━━━━━ DATA FOR PROCESSING ━━━━━

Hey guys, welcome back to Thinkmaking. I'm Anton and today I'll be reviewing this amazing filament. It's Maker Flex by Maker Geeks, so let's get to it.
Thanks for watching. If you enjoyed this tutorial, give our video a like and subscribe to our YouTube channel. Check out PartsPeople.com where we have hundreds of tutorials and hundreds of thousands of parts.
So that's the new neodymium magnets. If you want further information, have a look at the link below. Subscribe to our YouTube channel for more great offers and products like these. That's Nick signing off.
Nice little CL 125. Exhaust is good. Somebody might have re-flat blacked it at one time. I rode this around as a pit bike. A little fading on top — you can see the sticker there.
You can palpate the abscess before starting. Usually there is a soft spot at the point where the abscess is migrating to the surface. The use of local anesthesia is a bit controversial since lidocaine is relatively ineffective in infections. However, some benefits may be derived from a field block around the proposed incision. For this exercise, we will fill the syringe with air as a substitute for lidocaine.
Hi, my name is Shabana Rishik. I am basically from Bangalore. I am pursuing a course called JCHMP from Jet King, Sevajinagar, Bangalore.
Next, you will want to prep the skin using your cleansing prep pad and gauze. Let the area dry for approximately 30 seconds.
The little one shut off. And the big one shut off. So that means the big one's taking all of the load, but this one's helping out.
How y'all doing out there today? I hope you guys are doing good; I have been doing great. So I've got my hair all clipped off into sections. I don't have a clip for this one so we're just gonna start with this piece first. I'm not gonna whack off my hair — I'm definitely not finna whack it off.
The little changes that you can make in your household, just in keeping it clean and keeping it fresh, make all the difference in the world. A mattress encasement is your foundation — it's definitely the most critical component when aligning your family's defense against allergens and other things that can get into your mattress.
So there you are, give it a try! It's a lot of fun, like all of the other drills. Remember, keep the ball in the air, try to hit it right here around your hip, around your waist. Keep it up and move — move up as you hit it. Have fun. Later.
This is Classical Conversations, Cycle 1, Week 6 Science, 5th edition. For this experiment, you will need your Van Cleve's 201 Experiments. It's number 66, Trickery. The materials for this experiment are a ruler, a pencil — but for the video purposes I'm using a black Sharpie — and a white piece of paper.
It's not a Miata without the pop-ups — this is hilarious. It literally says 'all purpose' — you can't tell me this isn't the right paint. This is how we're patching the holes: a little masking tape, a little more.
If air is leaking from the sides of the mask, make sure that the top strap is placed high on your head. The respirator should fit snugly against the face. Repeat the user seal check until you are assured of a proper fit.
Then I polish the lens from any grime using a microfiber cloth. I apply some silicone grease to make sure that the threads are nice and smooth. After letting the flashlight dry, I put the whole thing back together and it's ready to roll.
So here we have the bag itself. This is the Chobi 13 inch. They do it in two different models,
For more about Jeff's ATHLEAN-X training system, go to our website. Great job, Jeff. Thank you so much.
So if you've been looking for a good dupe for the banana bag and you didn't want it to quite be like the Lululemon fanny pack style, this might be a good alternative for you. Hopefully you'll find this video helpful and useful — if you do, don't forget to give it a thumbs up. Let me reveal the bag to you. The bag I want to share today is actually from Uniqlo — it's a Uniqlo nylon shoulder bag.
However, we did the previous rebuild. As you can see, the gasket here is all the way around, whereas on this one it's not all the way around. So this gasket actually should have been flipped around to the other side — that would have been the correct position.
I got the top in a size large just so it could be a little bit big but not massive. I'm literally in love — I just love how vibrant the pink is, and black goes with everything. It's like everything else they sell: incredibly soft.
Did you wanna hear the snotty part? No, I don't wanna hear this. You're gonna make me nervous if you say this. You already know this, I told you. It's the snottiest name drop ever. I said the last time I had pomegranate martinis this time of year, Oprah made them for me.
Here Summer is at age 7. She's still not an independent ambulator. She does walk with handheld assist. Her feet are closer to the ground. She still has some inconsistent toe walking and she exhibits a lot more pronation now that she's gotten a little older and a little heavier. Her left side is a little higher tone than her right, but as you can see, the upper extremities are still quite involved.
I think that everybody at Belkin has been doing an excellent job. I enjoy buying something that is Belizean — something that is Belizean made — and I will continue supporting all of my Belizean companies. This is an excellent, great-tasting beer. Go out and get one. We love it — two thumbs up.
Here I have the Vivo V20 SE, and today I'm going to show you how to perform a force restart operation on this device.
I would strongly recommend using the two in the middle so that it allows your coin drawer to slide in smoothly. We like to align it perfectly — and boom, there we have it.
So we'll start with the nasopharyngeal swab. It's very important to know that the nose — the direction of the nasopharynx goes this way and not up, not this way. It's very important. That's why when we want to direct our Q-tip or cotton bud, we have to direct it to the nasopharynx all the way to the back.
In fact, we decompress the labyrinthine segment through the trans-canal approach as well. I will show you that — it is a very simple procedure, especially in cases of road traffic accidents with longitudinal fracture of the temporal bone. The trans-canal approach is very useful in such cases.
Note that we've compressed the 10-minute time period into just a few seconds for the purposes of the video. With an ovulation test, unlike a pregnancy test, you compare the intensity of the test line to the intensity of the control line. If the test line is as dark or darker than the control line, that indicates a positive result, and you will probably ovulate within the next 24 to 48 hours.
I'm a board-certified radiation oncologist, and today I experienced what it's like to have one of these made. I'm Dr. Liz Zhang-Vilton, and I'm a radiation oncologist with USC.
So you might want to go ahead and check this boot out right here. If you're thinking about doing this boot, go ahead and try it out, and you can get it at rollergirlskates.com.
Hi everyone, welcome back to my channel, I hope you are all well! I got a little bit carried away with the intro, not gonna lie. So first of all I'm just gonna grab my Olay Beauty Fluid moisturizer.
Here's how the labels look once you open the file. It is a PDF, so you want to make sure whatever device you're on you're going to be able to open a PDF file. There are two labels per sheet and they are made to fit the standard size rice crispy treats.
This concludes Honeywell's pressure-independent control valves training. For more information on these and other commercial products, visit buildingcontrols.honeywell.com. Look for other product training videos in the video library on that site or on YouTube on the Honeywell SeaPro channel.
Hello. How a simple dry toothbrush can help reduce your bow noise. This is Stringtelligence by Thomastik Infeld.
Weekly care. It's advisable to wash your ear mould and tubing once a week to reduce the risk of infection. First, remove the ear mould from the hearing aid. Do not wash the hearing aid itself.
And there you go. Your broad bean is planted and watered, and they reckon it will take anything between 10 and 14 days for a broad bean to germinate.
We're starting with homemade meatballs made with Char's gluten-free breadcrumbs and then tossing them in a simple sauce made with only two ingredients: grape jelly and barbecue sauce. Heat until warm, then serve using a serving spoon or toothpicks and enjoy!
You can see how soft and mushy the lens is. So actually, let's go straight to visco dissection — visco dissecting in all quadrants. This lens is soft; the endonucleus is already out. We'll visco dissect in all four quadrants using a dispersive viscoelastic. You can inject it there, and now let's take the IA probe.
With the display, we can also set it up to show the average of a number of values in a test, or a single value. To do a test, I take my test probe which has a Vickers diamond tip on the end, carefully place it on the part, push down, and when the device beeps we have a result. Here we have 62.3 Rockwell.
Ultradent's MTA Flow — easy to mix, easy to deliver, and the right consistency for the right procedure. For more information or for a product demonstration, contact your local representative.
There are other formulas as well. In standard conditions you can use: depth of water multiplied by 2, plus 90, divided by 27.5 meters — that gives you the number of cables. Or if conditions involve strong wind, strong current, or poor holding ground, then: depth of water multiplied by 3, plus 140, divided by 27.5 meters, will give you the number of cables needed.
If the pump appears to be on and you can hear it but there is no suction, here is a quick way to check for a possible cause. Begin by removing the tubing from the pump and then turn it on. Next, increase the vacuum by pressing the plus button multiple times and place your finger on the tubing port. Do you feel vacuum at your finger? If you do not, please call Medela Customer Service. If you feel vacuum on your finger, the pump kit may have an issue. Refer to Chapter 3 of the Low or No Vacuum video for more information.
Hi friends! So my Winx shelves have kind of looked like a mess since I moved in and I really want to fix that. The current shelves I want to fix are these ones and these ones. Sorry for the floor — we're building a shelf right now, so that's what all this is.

━━━━━

* **WHAT YOU NEED TO DO**
What you return should match the entries above exactly.

* **RESULT**
Hey guys, welcome back to Thinkmaking. I'm Anton and today I'll be reviewing this amazing filament. It's Maker Flex by Maker Geeks, so let's get to it.
Thanks for watching. If you enjoyed this tutorial, give our video a like and subscribe to our YouTube channel. Check out PartsPeople.com where we have hundreds of tutorials and hundreds of thousands of parts.
So that's the new neodymium magnets. If you want further information, have a look at the link below. Subscribe to our YouTube channel for more great offers and products like these. That's Nick signing off.
Nice little CL 125. Exhaust is good. Somebody might have re-flat blacked it at one time. I rode this around as a pit bike. A little fading on top — you can see the sticker there.
You can palpate the abscess before starting. Usually there is a soft spot at the point where the abscess is migrating to the surface. The use of local anesthesia is a bit controversial since lidocaine is relatively ineffective in infections. However, some benefits may be derived from a field block around the proposed incision. For this exercise, we will fill the syringe with air as a substitute for lidocaine.
Hi, my name is Shabana Rishik. I am basically from Bangalore. I am pursuing a course called JCHMP from Jet King, Sevajinagar, Bangalore.
Next, you will want to prep the skin using your cleansing prep pad and gauze. Let the area dry for approximately 30 seconds.
The little one shut off. And the big one shut off. So that means the big one's taking all of the load, but this one's helping out.
How y'all doing out there today? I hope you guys are doing good; I have been doing great. So I've got my hair all clipped off into sections. I don't have a clip for this one so we're just gonna start with this piece first. I'm not gonna whack off my hair — I'm definitely not finna whack it off.
The little changes that you can make in your household, just in keeping it clean and keeping it fresh, make all the difference in the world. A mattress encasement is your foundation — it's definitely the most critical component when aligning your family's defense against allergens and other things that can get into your mattress.
So there you are, give it a try! It's a lot of fun, like all of the other drills. Remember, keep the ball in the air, try to hit it right here around your hip, around your waist. Keep it up and move — move up as you hit it. Have fun. Later.
This is Classical Conversations, Cycle 1, Week 6 Science, 5th edition. For this experiment, you will need your Van Cleve's 201 Experiments. It's number 66, Trickery. The materials for this experiment are a ruler, a pencil — but for the video purposes I'm using a black Sharpie — and a white piece of paper.
It's not a Miata without the pop-ups — this is hilarious. It literally says 'all purpose' — you can't tell me this isn't the right paint. This is how we're patching the holes: a little masking tape, a little more.
If air is leaking from the sides of the mask, make sure that the top strap is placed high on your head. The respirator should fit snugly against the face. Repeat the user seal check until you are assured of a proper fit.
Then I polish the lens from any grime using a microfiber cloth. I apply some silicone grease to make sure that the threads are nice and smooth. After letting the flashlight dry, I put the whole thing back together and it's ready to roll.
So here we have the bag itself. This is the Chobi 13 inch. They do it in two different models,
For more about Jeff's ATHLEAN-X training system, go to our website. Great job, Jeff. Thank you so much.
So if you've been looking for a good dupe for the banana bag and you didn't want it to quite be like the Lululemon fanny pack style, this might be a good alternative for you. Hopefully you'll find this video helpful and useful — if you do, don't forget to give it a thumbs up. Let me reveal the bag to you. The bag I want to share today is actually from Uniqlo — it's a Uniqlo nylon shoulder bag.
However, we did the previous rebuild. As you can see, the gasket here is all the way around, whereas on this one it's not all the way around. So this gasket actually should have been flipped around to the other side — that would have been the correct position.
I got the top in a size large just so it could be a little bit big but not massive. I'm literally in love — I just love how vibrant the pink is, and black goes with everything. It's like everything else they sell: incredibly soft.
Did you wanna hear the snotty part? No, I don't wanna hear this. You're gonna make me nervous if you say this. You already know this, I told you. It's the snottiest name drop ever. I said the last time I had pomegranate martinis this time of year, Oprah made them for me.
Here Summer is at age 7. She's still not an independent ambulator. She does walk with handheld assist. Her feet are closer to the ground. She still has some inconsistent toe walking and she exhibits a lot more pronation now that she's gotten a little older and a little heavier. Her left side is a little higher tone than her right, but as you can see, the upper extremities are still quite involved.
I think that everybody at Belkin has been doing an excellent job. I enjoy buying something that is Belizean — something that is Belizean made — and I will continue supporting all of my Belizean companies. This is an excellent, great-tasting beer. Go out and get one. We love it — two thumbs up.
Here I have the Vivo V20 SE, and today I'm going to show you how to perform a force restart operation on this device.
I would strongly recommend using the two in the middle so that it allows your coin drawer to slide in smoothly. We like to align it perfectly — and boom, there we have it.
So we'll start with the nasopharyngeal swab. It's very important to know that the nose — the direction of the nasopharynx goes this way and not up, not this way. It's very important. That's why when we want to direct our Q-tip or cotton bud, we have to direct it to the nasopharynx all the way to the back.
In fact, we decompress the labyrinthine segment through the trans-canal approach as well. I will show you that — it is a very simple procedure, especially in cases of road traffic accidents with longitudinal fracture of the temporal bone. The trans-canal approach is very useful in such cases.
Note that we've compressed the 10-minute time period into just a few seconds for the purposes of the video. With an ovulation test, unlike a pregnancy test, you compare the intensity of the test line to the intensity of the control line. If the test line is as dark or darker than the control line, that indicates a positive result, and you will probably ovulate within the next 24 to 48 hours.
I'm a board-certified radiation oncologist, and today I experienced what it's like to have one of these made. I'm Dr. Liz Zhang-Vilton, and I'm a radiation oncologist with USC.
So you might want to go ahead and check this boot out right here. If you're thinking about doing this boot, go ahead and try it out, and you can get it at rollergirlskates.com.
Hi everyone, welcome back to my channel, I hope you are all well! I got a little bit carried away with the intro, not gonna lie. So first of all I'm just gonna grab my Olay Beauty Fluid moisturizer.
Here's how the labels look once you open the file. It is a PDF, so you want to make sure whatever device you're on you're going to be able to open a PDF file. There are two labels per sheet and they are made to fit the standard size rice crispy treats.
This concludes Honeywell's pressure-independent control valves training. For more information on these and other commercial products, visit buildingcontrols.honeywell.com. Look for other product training videos in the video library on that site or on YouTube on the Honeywell SeaPro channel.
Hello. How a simple dry toothbrush can help reduce your bow noise. This is Stringtelligence by Thomastik Infeld.
Weekly care. It's advisable to wash your ear mould and tubing once a week to reduce the risk of infection. First, remove the ear mould from the hearing aid. Do not wash the hearing aid itself.
And there you go. Your broad bean is planted and watered, and they reckon it will take anything between 10 and 14 days for a broad bean to germinate.
We're starting with homemade meatballs made with Char's gluten-free breadcrumbs and then tossing them in a simple sauce made with only two ingredients: grape jelly and barbecue sauce. Heat until warm, then serve using a serving spoon or toothpicks and enjoy!
You can see how soft and mushy the lens is. So actually, let's go straight to visco dissection — visco dissecting in all quadrants. This lens is soft; the endonucleus is already out. We'll visco dissect in all four quadrants using a dispersive viscoelastic. You can inject it there, and now let's take the IA probe.
With the display, we can also set it up to show the average of a number of values in a test, or a single value. To do a test, I take my test probe which has a Vickers diamond tip on the end, carefully place it on the part, push down, and when the device beeps we have a result. Here we have 62.3 Rockwell.
Ultradent's MTA Flow — easy to mix, easy to deliver, and the right consistency for the right procedure. For more information or for a product demonstration, contact your local representative.
There are other formulas as well. In standard conditions you can use: depth of water multiplied by 2, plus 90, divided by 27.5 meters — that gives you the number of cables. Or if conditions involve strong wind, strong current, or poor holding ground, then: depth of water multiplied by 3, plus 140, divided by 27.5 meters, will give you the number of cables needed.
If the pump appears to be on and you can hear it but there is no suction, here is a quick way to check for a possible cause. Begin by removing the tubing from the pump and then turn it on. Next, increase the vacuum by pressing the plus button multiple times and place your finger on the tubing port. Do you feel vacuum at your finger? If you do not, please call Medela Customer Service. If you feel vacuum on your finger, the pump kit may have an issue. Refer to Chapter 3 of the Low or No Vacuum video for more information.
Hi friends! So my Winx shelves have kind of looked like a mess since I moved in and I really want to fix that. The current shelves I want to fix are these ones and these ones. Sorry for the floor — we're building a shelf right now, so that's what all this is.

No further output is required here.